Rapporto Undp sullo sviluppo umano: in Asia 844 milioni di poveri
Metà delle persone povere del pianeta (circa 844 milioni) vivono nell’Asia meridionale
ma è l’Africa sub-sahariana (con 458 milioni di persone) ad avere maggiori povertà
di diverso tipo. Sono i dati allarmanti che emergono nel Rapporto dell’ Undp- Il Programma
delle Nazioni Unite per lo Sviluppo - pubblicato ieri, che introduce quest’anno tre
nuove misurazioni: disuguaglianza complessiva, disuguaglianza di sesso e povertà multidimensionale,
per integrare il tradizione Indice di sviluppo umano (Isu), una misura nazionale di
salute, istruzione e reddito per 169 Paesi.
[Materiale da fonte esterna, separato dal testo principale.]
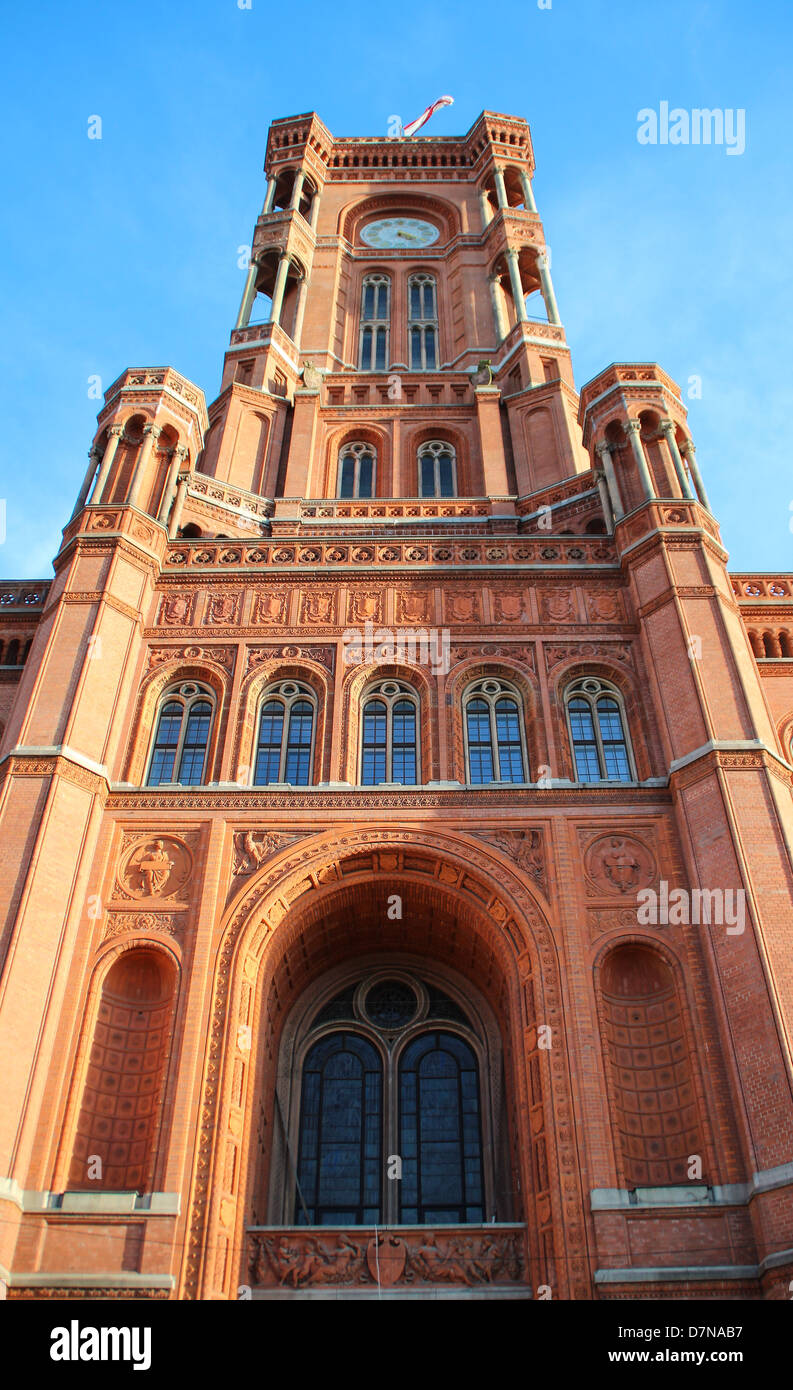 Hôtel de ville 'Rathaus' à Berlin, construit en brique rouge architecte Hermann Friedrich Wäsemann, situé dans le quartier de Mitte. Banque D'Images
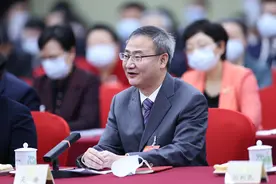 援鄂专家吴浩获WHO“笹川卫生奖”，辗转9地抗击疫情图片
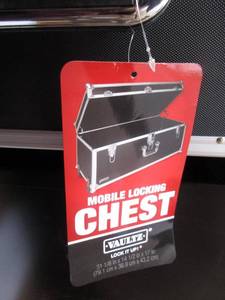 lot 151 image: Mobile Locking Chest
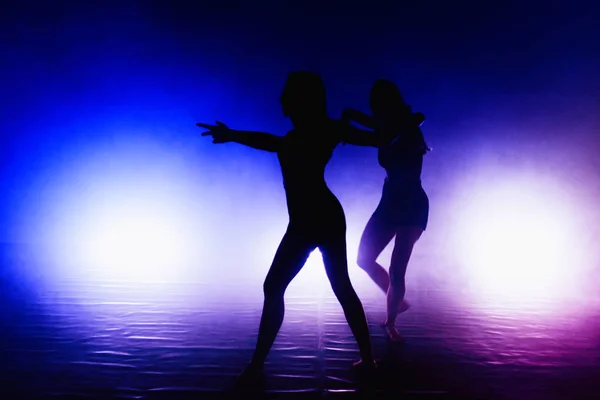 Vestibilità Giovane Coppia Che Esegue Una Routine Danza Contemporanea — Foto Stock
Stando ai numeri i Paesi con il più basso
indice di sviluppo umano nel mondo sono il Niger, la Repubblica Democratica del Congo
e lo Zimbabwe, dove a fare da contraltare allo sviluppo, sono le costanti violazioni
dei diritti umani subiti dalla popolazione civile. Ai primi posti nella classifica
dell’Onu invece ancora la Norvegia, l’Australia e Nuova Zelanda. Negli ultimi 40 anni
– si legge nel rapporto - la maggior parte dei Paesi in via di sviluppo ha realizzato
“progressi impressionanti”, anche se “sottostimati” nei campi della sanità, dell’istruzione
e degli standard di vita fondamentali. I miglioramenti più marcati sono avvenuti in
Oman, Cina, Nepal, Indonesia, Arabia Saudita, Laos, Tunisia, Sud Corea, Algeria e
Marocco. Tra le prime 10 nazioni per l’Isu 2010 vi sono: Stati Uniti, Irlanda, Liechtenstein,
Paesi Bassi, Canada, Svezia e Germania. In fondo alla graduatoria sono invece: Mali,
Burkina Faso, Liberia, Ciad, Guinea-Bissau, Mozambico Burundi. Dal Rapporto emergono
però “ampie disuguaglianze all’interno e fra le nazioni”, “profonde disparità tra
donne e uomini”, e la prevalenza di una “povertà multidimensionale estrema” in Asia
meridionale e Africa sub-sahariana. In particolare le 10 nazioni con la minore uguaglianza
tra i sessi in ordine discendente, sono Camerun, Costa d’Avorio, Liberia, Repubblica
Centrafricana, Papua Nuova Guinea, Afghanistan, Mali, Niger, la Repubblica Democratica
del Congo e lo Yemen. Le società che presentano, invece, un rapporto più equilibrato
fra i sessi sono nei Paesi Bassi, in Danimarca e Svezia. “Il rapporto mostra che complessivamente,
le persone oggi sono più sane, ricche, e istruite che in passato - nota Helen Clark,
amministratore dell’Undp -. I Paesi possono fare molto per migliorare le vite delle
persone anche in condizioni avverse. Ciò richiede delle coraggiose leadership locali,
come pure l’impegno continuativo della comunità internazionale”. Negli ultimi 40 anni,
ad esempio, l’aspettativa di vita è balzata dai 59 anni del 1970 ai 70 del 2010; le
iscrizioni scolastiche sono aumentate dal 55% per tutti i bambini in età di scuola
primaria e secondaria al 70%; e il Pil pro capite è raddoppiato a più di 10mila dollari
Usa. La regione che negli ultimi 40 anni, ha registrato il più rapido progresso in
termini di sviluppo, è stata l’Asia orientale, guidata da Cina e Indonesia. Anche
i Paesi arabi hanno segnato importanti progressi. Numerose nazioni dell’Africa sub-sahariana
e dell’ex Unione Sovietica sono invece rimaste indietro, a causa dell’impatto dell’Aids,
dei conflitti, degli sconvolgimenti economici. Nel corso degli ultimi 40 anni l’aspettativa
di vita è diminuita in Bielorussia, Ucraina e federazione Russa e in sei Paesi dell’Africa
sub-sahariana: Repubblica Democratica del Congo, Lesotho, Sud Africa, Swaziland, Zambia
e Zimbabwe. Le disuguaglianze di reddito più elevate al mondo sono in America Latina,
soprattutto in Argentina, Venezuela e Haiti. Migliorano, invece, in Brasile e Cile.
Nonostante le continue avversità anche molte nazioni africane hanno compiuto progressi:
tra queste, Etiopia, Botswana, Benin e Burkina Faso. (C.S.)